袴田巌氏は、当初より無実を訴えており、現在、袴田巌氏の姉である袴田ひで子氏が第2次再審請求を行っている。第2次再審請求においては、2014年(平成26年)3月27日に静岡地方裁判所は再審を開始するとともに、死刑及び拘置の執行を停止する決定を行い、袴田巌氏は釈放された。しかし、検察官は、この決定に対して即時抗告を行い、2018年(平成30年)6月11日、東京高等裁判所は再審開始決定を取り消し、再審請求を棄却した。請求人による特別抗告に対し、最高裁判所は、2020年(令和2年)12月22日、東京高等裁判所の上記決定を取り消し、本件を東京高等裁判所に差し戻すとの決定を行い、この決定を受けて、東京高等裁判所第2刑事部において差戻し即時抗告審の審理が行われていた。

本日の決定は、有罪の決定的証拠とされていた5点の衣類について、5点の衣類の血痕に赤みが残っていることから1年以上みそ漬けされたものとは考え難く、これらが犯行着衣であること、ひいては袴田巌氏が本件の犯人であることに合理的疑いがあるとしたものである。これは、常識にかなった当然の判断であり、最高裁判所のいわゆる白鳥決定等によって確立された総合評価の枠組みに沿うものといえる。

袴田巌氏は、現在87歳と高齢であり、しかも長期間にわたり死刑囚として身体を拘束されたことにより、心身に不調を来している。第2次再審請求の請求人である袴田ひで子氏も現在90歳となっている。袴田巌氏の救済には、もはや一刻の猶予もなく、これ以上の手続の遅延は許されない。そこで、本日の決定に対し、検察官は特別抗告することなく本件を再審公判に移行させるべきである。

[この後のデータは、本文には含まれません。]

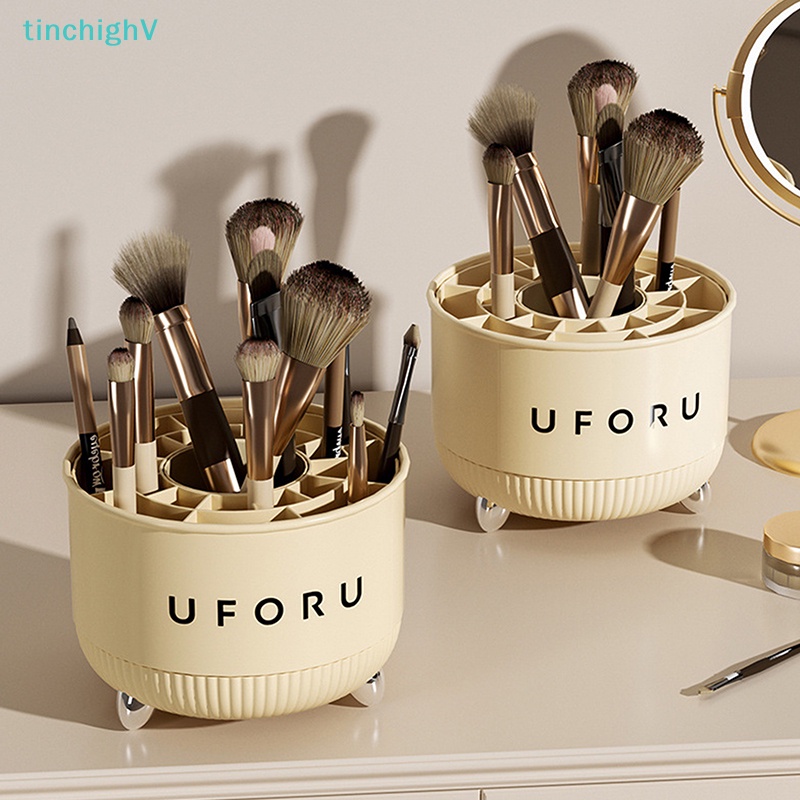 [TinchighV] 360 Độ [TinchighV]° Giá Đỡ Cọ Trang Điểm Để Bàn Nhỏ Gọn Tiện Lợi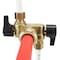 Apollo 1/2 in. Brass Push-To-Connect x 3/8 in. O.D. Comp. Dual Opposed Outlet Dual Shut-Off 1/4-Turn Stop FSBDVO1238C - alternate 4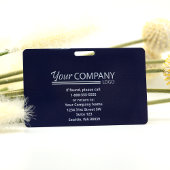 Badge Logo Bleu Carte d'identité employé entrée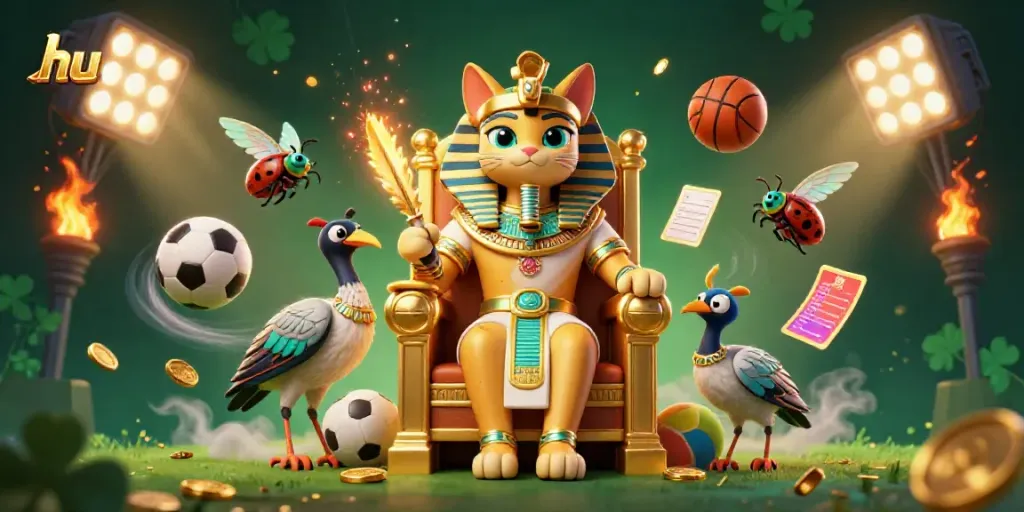 Experience thrilling wins at hu with a dynamic pharaoh casino scene showcasing a vibrant betting atmosphere.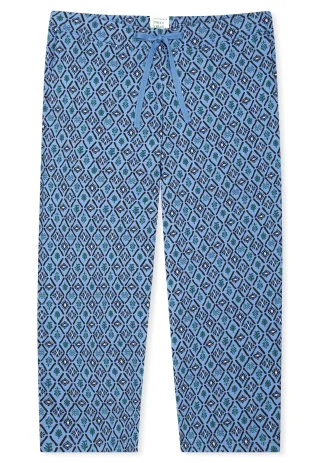 SCHIESSER - Hose 3/4 aqua - Gr. - 38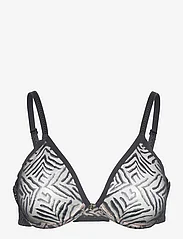 CHANTELLE - Graphic Allure Covering molded bra - wired bras - black - 0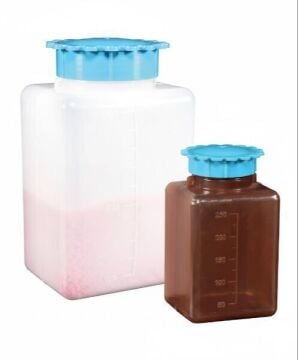 Lp Italiana HDPE Şişe 500 ml - Kare, Taksimatlı, Contalı Kapaklı 96 Adet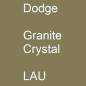 Preview: Dodge, Granite Crystal, LAU.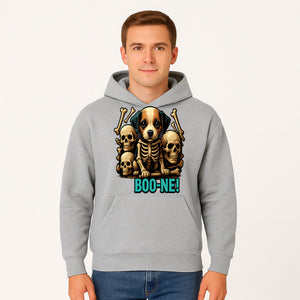 Funny Halloween Dog Skeleton Art T-Shirt | Boo-ne! Graphic Tee with Skull Design | Spooky Pet Lover Apparel - Hoodie 1758347422244.jpg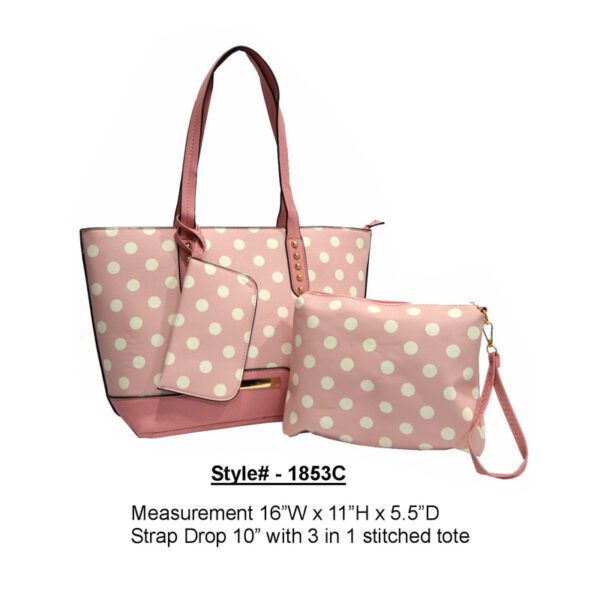 Style 1853c pink handbag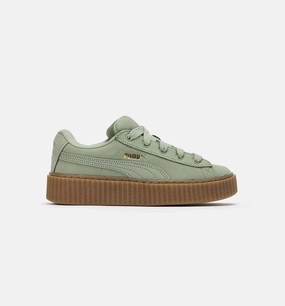 Fenty Creeper Phatty Earth Tone Preschool Lifestyle Shoe - Green Fog/Gold/Gum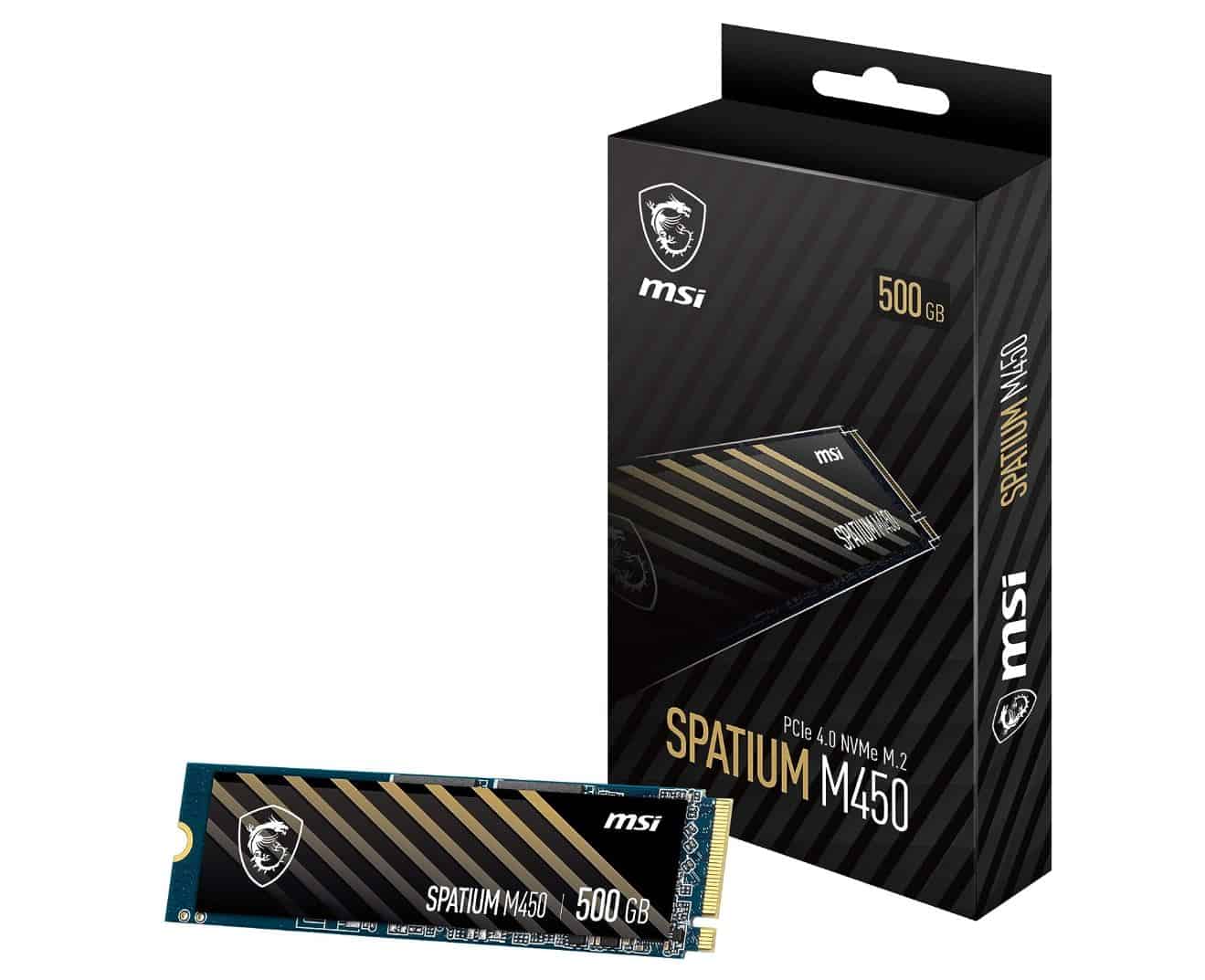MSI SPATIUM M450 500GB M.2 NVME PCIE GEN4 SSD, 5 Year Warranty | Dream PC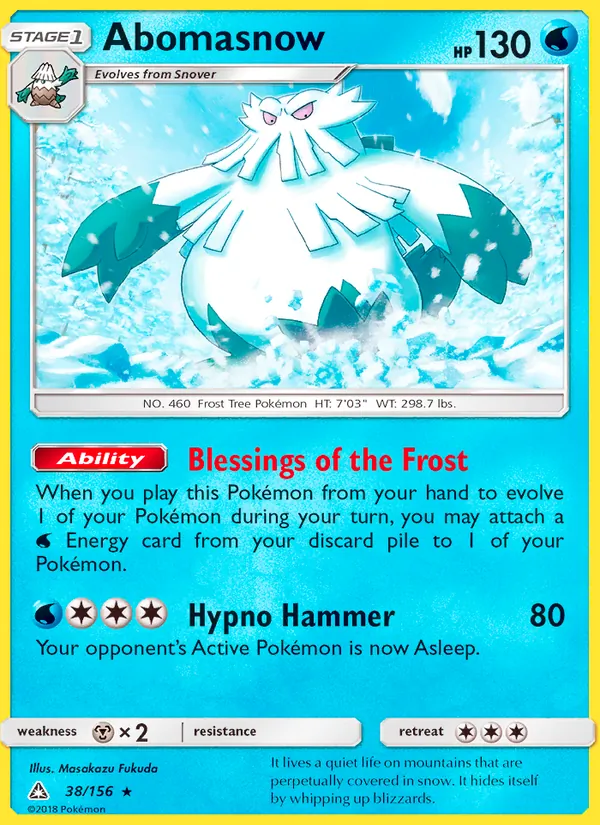Abomasnow #38 – Ultra Prism card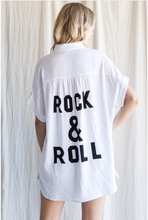 Load image into Gallery viewer, Rock & Roll White Short Sleeve Top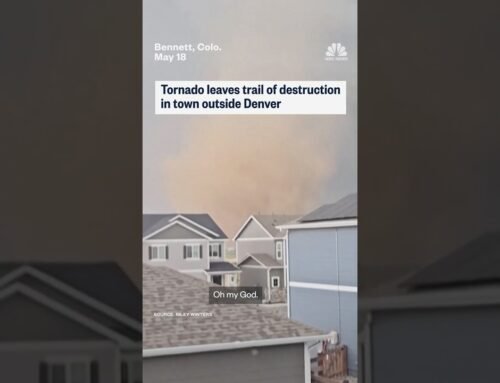Tornado rips through Bennett, Colorado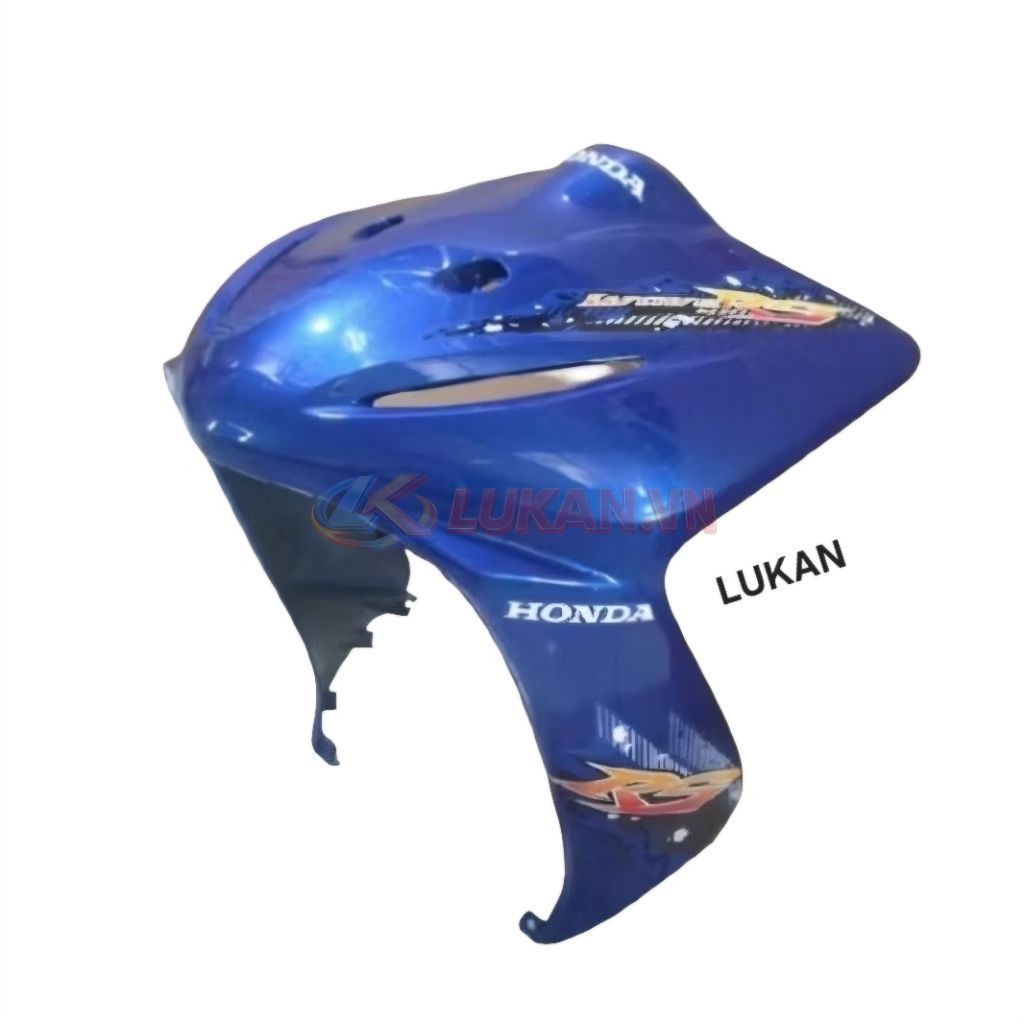 Nhựa ốp võ mặt nạ trước WAVE S110, RS 110.... Xanh zin Honda - Ảnh 4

また、袴田事件第2次再審請求の請求審においては、約600点もの証拠が新たに開示され、それが再審開始の判断に強い影響を与えている。再審請求手続における証拠開示は非常に重要かつ必要性が高いと言えるところ、再審請求手続における証拠開示については、現行刑事訴訟法上、明文の規定を欠いており、再審請求後の証拠開示の可否についても、裁判所の訴訟指揮に委ねられている。そのため、積極的な証拠開示の訴訟指揮をする裁判所もあれば、証拠開示に極めて消極的な裁判所もあり、係属する裁判所によって大きな格差が生じている。

さらに、現行刑事訴訟法第450条は、再審開始決定に対して、検察官が即時抗告することを認めている。そのため、度重なる検察官による不服申立てにより、再審請求手続には多大な時間を要しており、再審請求者への救済が著しく遅延している。一方、再審開始決定に対する不服申立てが禁止されたとしても、検察官には、再審公判において確定判決の正当性を主張する機会が保障されている。このようなことを考えると、再審開始決定に対して不服があったとしても、検察官に再審開始決定に対する不服申立てを認めるべきではない。

そこで、当会は、政府及び国会に対し、えん罪被害者の速やかな救済のために、

1 再審請求手続における証拠開示の法制化
2 再審開始決定に対する検察官の不服申立ての禁止

を含む再審法の改正を行うよう求める。